2. According to the author in Chapter 5, "The Etiquette of Masculinity and Femininity,” traditional etiquette dominated American manners from the 1930s to when?

3. According to the author in Chapter 5, "The Etiquette of Masculinity and Femininity,” many came to believe for biological reasons that being what was natural to humanity?

4. Beth Bailey asserts that courtship has been replaced by what in the book’s Epilogue?

5. What word from the book means having qualities traditionally ascribed to women?

Short Essay Questions

1. How did the new freedoms brought about by the sexual revolution change the rules of dating?

2. Who was Ernest Burgess?
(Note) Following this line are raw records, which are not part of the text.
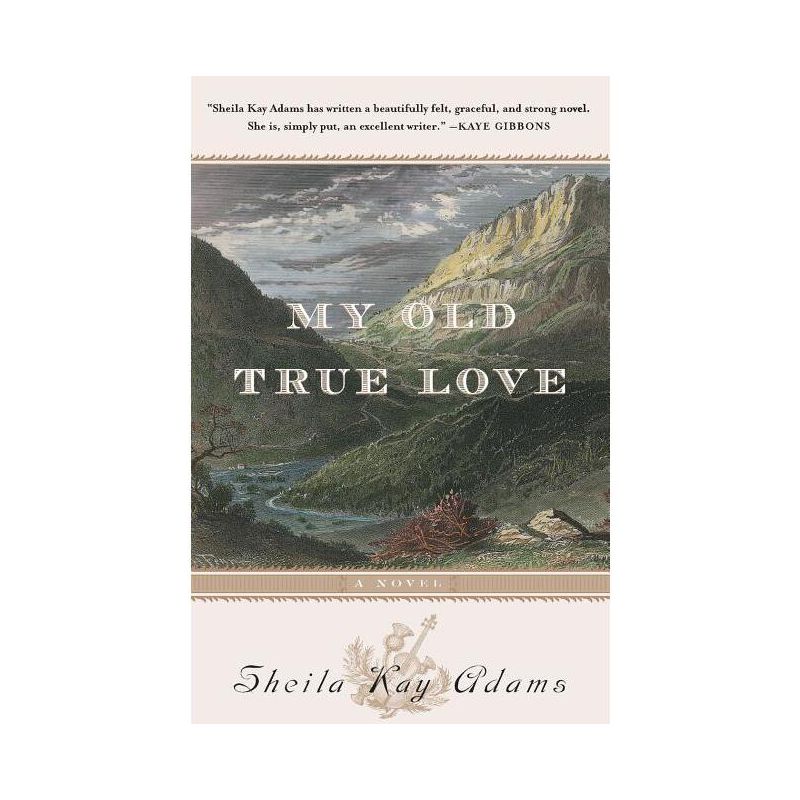 My Old True Love - by  Sheila Kay Adams (Paperback), 1 of 2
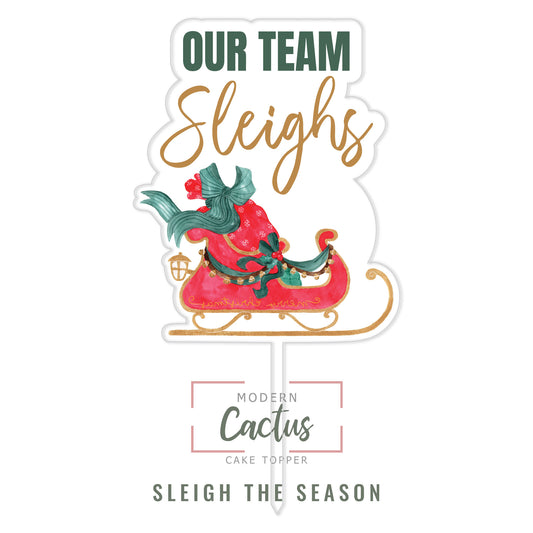 Cake Topper | Sleigh The Season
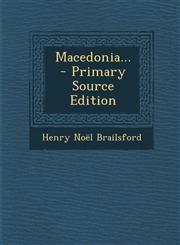Macedonia... - Primary Source Edition,1295479788,9781295479788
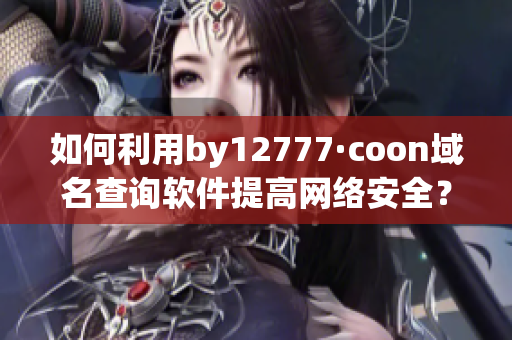 如何利用by12777·coon域名查询软件提高网络安全？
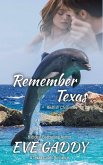 Remember Texas (The Redfish Chronicles, #5) (eBook, ePUB)
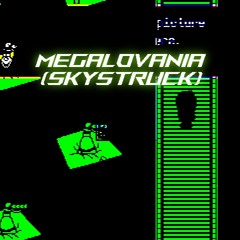 Megalovania (Skystruck)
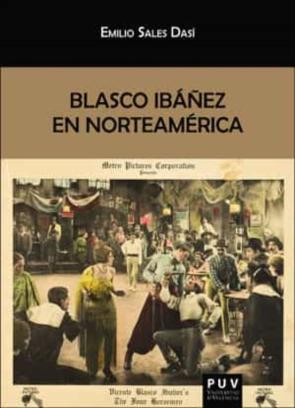 Blasco Ibáñez En Norteamerica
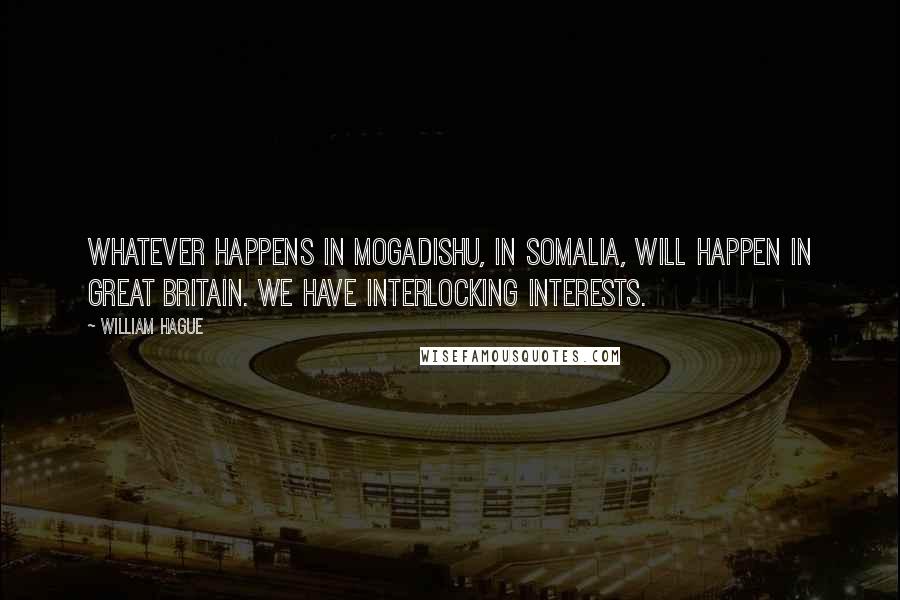 William Hague Quotes: Whatever happens in Mogadishu, in Somalia, will happen in Great Britain. We have interlocking interests.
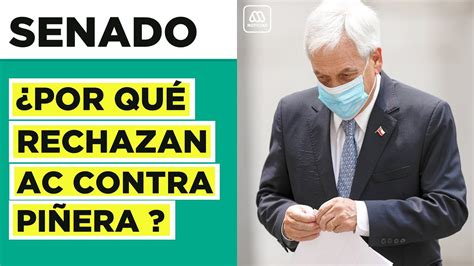 Acusación Constitucional Contra Piñera ¿por Qué Fue Rechazada Youtube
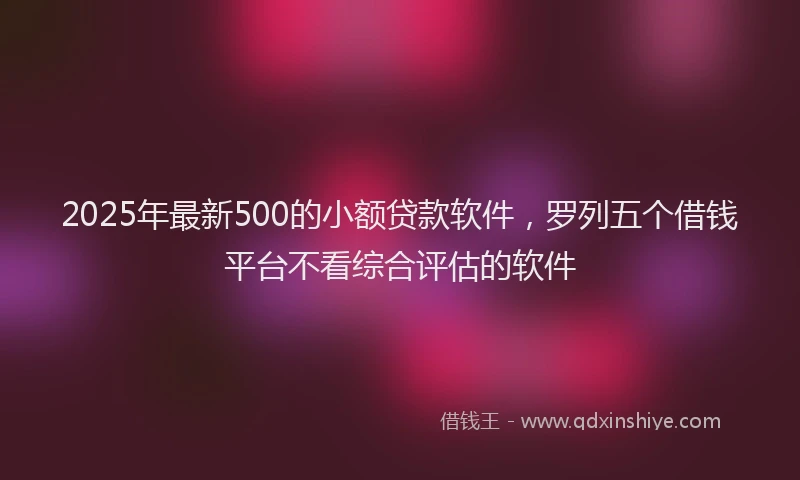 2025年最新500的小额贷款软件，罗列五个借钱平台不看综合评估的软件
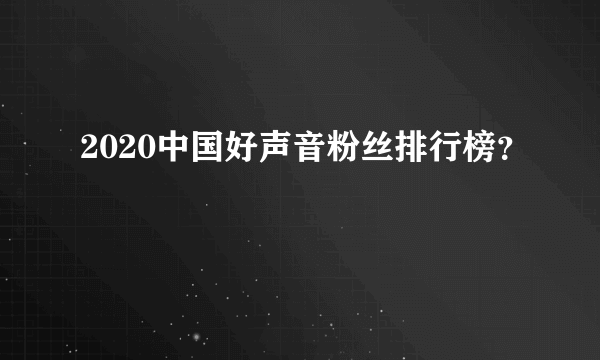 2020中国好声音粉丝排行榜？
What did he argue about changes in American attitudes toward marriage?

3. How did the sexual revolution change the currency of courtship?

4. What did the new sexual innovations represent symbolically to American youth in the period between World War I and the sexual revolution?

5. What reasons does the author assert that men and women submitted to the system of gender etiquette in Chapter 5, "The Etiquette of Masculinity and Femininity"?

6. What metaphors have replaced the metaphors of economy, according to the author in the Epilogue?

7. How did physical displays of affection evolve in the early part of the twentieth century?

8. How did American youth come to define themselves after World War II? What tensions did this cause?

9. How were gender roles defined in the 1950s? How long was this view dominant in American society?

10. When did marriage education courses begin at the University of North Carolina? Who initiated this program?